## Supplied data:
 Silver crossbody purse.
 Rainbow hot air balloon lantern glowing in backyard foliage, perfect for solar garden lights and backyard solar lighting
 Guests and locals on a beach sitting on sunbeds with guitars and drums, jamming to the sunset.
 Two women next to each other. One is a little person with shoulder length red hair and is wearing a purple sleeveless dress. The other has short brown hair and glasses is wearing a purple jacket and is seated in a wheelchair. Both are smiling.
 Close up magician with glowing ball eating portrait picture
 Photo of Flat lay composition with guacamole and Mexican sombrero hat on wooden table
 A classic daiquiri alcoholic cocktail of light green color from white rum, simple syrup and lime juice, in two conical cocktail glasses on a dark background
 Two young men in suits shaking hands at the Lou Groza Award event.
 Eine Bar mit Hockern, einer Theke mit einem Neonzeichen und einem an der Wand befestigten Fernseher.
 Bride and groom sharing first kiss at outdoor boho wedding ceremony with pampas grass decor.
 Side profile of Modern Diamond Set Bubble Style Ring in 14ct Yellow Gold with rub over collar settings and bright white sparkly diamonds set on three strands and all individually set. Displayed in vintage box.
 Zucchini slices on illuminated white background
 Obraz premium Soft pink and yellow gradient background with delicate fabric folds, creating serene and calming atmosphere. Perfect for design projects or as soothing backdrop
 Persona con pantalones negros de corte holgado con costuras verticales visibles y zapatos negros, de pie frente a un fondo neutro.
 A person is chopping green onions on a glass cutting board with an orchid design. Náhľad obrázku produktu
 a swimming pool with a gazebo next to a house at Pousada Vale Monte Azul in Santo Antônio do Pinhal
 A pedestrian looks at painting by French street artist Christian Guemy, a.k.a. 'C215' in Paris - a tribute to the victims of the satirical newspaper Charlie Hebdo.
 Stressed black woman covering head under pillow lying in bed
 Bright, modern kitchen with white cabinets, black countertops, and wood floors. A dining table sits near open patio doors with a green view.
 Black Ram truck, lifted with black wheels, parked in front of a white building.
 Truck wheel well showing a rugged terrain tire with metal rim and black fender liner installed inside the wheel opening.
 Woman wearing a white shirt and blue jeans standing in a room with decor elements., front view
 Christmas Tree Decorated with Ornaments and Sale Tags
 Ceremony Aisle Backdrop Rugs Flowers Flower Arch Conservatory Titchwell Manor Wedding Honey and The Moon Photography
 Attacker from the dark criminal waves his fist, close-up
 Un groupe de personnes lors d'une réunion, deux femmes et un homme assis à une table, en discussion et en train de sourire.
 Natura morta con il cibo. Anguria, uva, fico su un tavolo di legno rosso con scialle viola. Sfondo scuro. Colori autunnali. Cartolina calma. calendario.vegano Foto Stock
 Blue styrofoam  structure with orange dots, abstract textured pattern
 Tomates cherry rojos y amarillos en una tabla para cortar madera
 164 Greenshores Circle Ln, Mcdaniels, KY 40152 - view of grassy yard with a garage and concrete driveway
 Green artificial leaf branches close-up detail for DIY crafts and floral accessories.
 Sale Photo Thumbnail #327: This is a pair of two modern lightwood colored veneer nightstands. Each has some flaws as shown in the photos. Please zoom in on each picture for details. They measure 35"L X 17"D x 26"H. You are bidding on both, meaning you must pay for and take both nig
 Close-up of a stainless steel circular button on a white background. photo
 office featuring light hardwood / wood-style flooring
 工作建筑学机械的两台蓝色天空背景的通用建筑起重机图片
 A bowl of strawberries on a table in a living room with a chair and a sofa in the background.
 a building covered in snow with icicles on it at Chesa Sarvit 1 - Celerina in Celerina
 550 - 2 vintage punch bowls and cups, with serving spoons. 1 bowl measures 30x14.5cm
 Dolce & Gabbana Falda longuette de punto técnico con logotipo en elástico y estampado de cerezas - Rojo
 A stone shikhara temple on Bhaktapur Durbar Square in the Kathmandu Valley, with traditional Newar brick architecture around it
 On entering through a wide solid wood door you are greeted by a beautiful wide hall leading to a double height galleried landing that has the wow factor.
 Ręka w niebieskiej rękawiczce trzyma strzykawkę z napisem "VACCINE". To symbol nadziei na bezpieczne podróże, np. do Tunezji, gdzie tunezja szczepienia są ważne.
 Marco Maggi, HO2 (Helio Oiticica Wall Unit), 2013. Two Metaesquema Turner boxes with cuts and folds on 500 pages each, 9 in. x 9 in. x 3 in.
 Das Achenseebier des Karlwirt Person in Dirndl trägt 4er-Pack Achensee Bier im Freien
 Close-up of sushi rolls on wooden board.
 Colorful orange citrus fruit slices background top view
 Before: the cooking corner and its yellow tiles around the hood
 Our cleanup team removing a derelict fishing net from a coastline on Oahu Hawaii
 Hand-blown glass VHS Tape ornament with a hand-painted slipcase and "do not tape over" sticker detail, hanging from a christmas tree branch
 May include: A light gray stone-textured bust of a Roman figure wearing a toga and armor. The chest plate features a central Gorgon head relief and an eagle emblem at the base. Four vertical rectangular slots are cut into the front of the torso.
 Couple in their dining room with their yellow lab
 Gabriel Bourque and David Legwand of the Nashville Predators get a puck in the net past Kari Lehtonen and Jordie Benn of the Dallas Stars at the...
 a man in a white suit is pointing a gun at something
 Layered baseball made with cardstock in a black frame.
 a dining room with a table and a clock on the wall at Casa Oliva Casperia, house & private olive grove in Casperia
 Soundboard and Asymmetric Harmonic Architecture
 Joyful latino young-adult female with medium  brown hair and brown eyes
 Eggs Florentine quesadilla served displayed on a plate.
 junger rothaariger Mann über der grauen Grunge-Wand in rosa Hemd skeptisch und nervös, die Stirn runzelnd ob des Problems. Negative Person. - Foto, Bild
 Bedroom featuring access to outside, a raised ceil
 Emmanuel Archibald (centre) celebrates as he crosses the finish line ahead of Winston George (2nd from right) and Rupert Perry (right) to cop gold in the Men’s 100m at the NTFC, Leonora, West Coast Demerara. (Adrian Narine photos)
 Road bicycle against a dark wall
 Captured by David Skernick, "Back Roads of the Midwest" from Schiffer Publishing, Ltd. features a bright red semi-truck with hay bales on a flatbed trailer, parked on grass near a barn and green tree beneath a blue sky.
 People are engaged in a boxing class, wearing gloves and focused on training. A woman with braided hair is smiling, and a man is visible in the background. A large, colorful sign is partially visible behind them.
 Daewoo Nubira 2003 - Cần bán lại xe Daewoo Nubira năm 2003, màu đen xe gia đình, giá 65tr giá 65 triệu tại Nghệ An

## What is required:
An exact copy of the lines above, from the one containing "A classic daiquiri" through the one containing "Christmas Tree Decorated", is the whole of the answer.

## Expected answer:
 A classic daiquiri alcoholic cocktail of light green color from white rum, simple syrup and lime juice, in two conical cocktail glasses on a dark background
 Two young men in suits shaking hands at the Lou Groza Award event.
 Eine Bar mit Hockern, einer Theke mit einem Neonzeichen und einem an der Wand befestigten Fernseher.
 Bride and groom sharing first kiss at outdoor boho wedding ceremony with pampas grass decor.
 Side profile of Modern Diamond Set Bubble Style Ring in 14ct Yellow Gold with rub over collar settings and bright white sparkly diamonds set on three strands and all individually set. Displayed in vintage box.
 Zucchini slices on illuminated white background
 Obraz premium Soft pink and yellow gradient background with delicate fabric folds, creating serene and calming atmosphere. Perfect for design projects or as soothing backdrop
 Persona con pantalones negros de corte holgado con costuras verticales visibles y zapatos negros, de pie frente a un fondo neutro.
 A person is chopping green onions on a glass cutting board with an orchid design. Náhľad obrázku produktu
 a swimming pool with a gazebo next to a house at Pousada Vale Monte Azul in Santo Antônio do Pinhal
 A pedestrian looks at painting by French street artist Christian Guemy, a.k.a. 'C215' in Paris - a tribute to the victims of the satirical newspaper Charlie Hebdo.
 Stressed black woman covering head under pillow lying in bed
 Bright, modern kitchen with white cabinets, black countertops, and wood floors. A dining table sits near open patio doors with a green view.
 Black Ram truck, lifted with black wheels, parked in front of a white building.
 Truck wheel well showing a rugged terrain tire with metal rim and black fender liner installed inside the wheel opening.
 Woman wearing a white shirt and blue jeans standing in a room with decor elements., front view
 Christmas Tree Decorated with Ornaments and Sale Tags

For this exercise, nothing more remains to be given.